INFORMATION SHOWN START

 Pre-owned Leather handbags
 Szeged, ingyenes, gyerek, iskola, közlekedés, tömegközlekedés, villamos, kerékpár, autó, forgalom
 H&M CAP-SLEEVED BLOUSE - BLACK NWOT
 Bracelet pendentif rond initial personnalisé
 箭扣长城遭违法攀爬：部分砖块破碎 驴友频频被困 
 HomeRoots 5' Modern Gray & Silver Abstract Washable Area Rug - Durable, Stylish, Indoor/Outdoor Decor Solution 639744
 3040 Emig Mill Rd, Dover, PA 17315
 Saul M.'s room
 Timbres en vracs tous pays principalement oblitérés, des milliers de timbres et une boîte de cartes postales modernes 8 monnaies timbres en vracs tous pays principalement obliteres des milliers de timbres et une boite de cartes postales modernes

INFORMATION SHOWN END

AIM OF THE EXERCISE - In full and without alteration, retype the entries above.

WRITTEN REPLY -
 Pre-owned Leather handbags
 Szeged, ingyenes, gyerek, iskola, közlekedés, tömegközlekedés, villamos, kerékpár, autó, forgalom
 H&M CAP-SLEEVED BLOUSE - BLACK NWOT
 Bracelet pendentif rond initial personnalisé
 箭扣长城遭违法攀爬：部分砖块破碎 驴友频频被困 
 HomeRoots 5' Modern Gray & Silver Abstract Washable Area Rug - Durable, Stylish, Indoor/Outdoor Decor Solution 639744
 3040 Emig Mill Rd, Dover, PA 17315
 Saul M.'s room
 Timbres en vracs tous pays principalement oblitérés, des milliers de timbres et une boîte de cartes postales modernes 8 monnaies timbres en vracs tous pays principalement obliteres des milliers de timbres et une boite de cartes postales modernes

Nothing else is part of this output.